We have a basic spot detection algorithm, that just does a gaussian blur on the image and detects local maxima of pixels.

def process_chunk(img, sigmaxy, radius_xy): 
    input_image = cle.push(img)
    starting_point = cle.gaussian_blur(input_image, sigma_x=sigmaxy, sigma_y=sigmaxy, sigma_z = sigmaxy/anisotropy)
    maxima = cle.detect_maxima_box(starting_point, radius_x=radius_xy, radius_y = radius_xy, radius_z=radius_xy/anisotropy)
    # print(np.sum(cle.pull(maxima)))
    labeled_maxima = cle.label(maxima)
    pointlist = cle.centroids_of_labels(labeled_maxima)
    detected_spots = np.zeros(shape = pointlist.shape)
    # this reshaping ensures that detected and annotated spots share the same axis order 
    detected_spots[0] = pointlist[2]
    detected_spots[1] = pointlist[1]
    detected_spots[2] = pointlist[0]
    detected_spots = detected_spots.T
    detected_spots = detected_spots[~np.isnan(detected_spots).any(axis=1)]
    return(detected_spots.T)


sigmaxy = 10;
radius_xy = 15; 

detected_spots = process_chunk(img, sigmaxy, radius_xy)

One could visualize the outcomes of this spot detection in 3d using napari:

# this is commented out because napari interferes with inline graphics
# import napari 

# viewer = napari.Viewer() 

# viewer.add_image(img)
# viewer.add_points(annotations, size = 3)
# viewer.add_points(detected_spots.T, size = 3, face_color='blue')

We can now compute the distances between ground truth (manually annotated) centroids.

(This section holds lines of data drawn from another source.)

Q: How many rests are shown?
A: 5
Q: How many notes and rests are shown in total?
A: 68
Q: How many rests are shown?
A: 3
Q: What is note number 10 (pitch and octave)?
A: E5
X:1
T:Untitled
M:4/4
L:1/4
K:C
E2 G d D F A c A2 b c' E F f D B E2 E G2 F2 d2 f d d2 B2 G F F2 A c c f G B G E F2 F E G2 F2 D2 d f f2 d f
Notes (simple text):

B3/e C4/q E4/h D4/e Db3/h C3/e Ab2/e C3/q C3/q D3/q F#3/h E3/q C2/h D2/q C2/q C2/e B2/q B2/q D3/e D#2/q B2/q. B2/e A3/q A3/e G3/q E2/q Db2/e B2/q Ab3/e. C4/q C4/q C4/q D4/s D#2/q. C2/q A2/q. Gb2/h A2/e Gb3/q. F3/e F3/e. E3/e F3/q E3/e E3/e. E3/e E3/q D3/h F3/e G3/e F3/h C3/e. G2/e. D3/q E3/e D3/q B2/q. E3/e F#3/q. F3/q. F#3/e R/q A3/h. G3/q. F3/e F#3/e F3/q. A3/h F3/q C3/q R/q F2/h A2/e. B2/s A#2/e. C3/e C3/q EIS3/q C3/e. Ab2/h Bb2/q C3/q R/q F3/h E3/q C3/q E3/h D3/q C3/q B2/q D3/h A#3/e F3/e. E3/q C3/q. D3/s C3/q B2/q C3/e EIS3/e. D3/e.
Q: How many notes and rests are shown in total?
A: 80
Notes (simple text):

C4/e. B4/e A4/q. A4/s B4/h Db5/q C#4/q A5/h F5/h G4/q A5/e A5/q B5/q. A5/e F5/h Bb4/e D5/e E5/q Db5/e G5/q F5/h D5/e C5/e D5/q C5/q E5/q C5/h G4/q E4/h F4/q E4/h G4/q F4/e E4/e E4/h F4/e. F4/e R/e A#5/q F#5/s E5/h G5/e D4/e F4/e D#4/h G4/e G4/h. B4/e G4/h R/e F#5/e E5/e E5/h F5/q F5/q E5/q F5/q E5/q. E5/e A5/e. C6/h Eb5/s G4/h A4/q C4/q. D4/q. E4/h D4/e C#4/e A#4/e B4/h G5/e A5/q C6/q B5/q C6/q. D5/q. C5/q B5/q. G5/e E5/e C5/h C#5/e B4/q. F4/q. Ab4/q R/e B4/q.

We do this by generating a distance matrix in pyclesperanto: each row and column represents one detected cell, and the distance is represented by the value in the grid entry/colour intensity, in the graphic below.

distance_matrix_of_actual_cells = cle.generate_distance_matrix(annotations.T, annotations.T)
distance_matrix = cle.generate_distance_matrix(detected_spots, annotations.T)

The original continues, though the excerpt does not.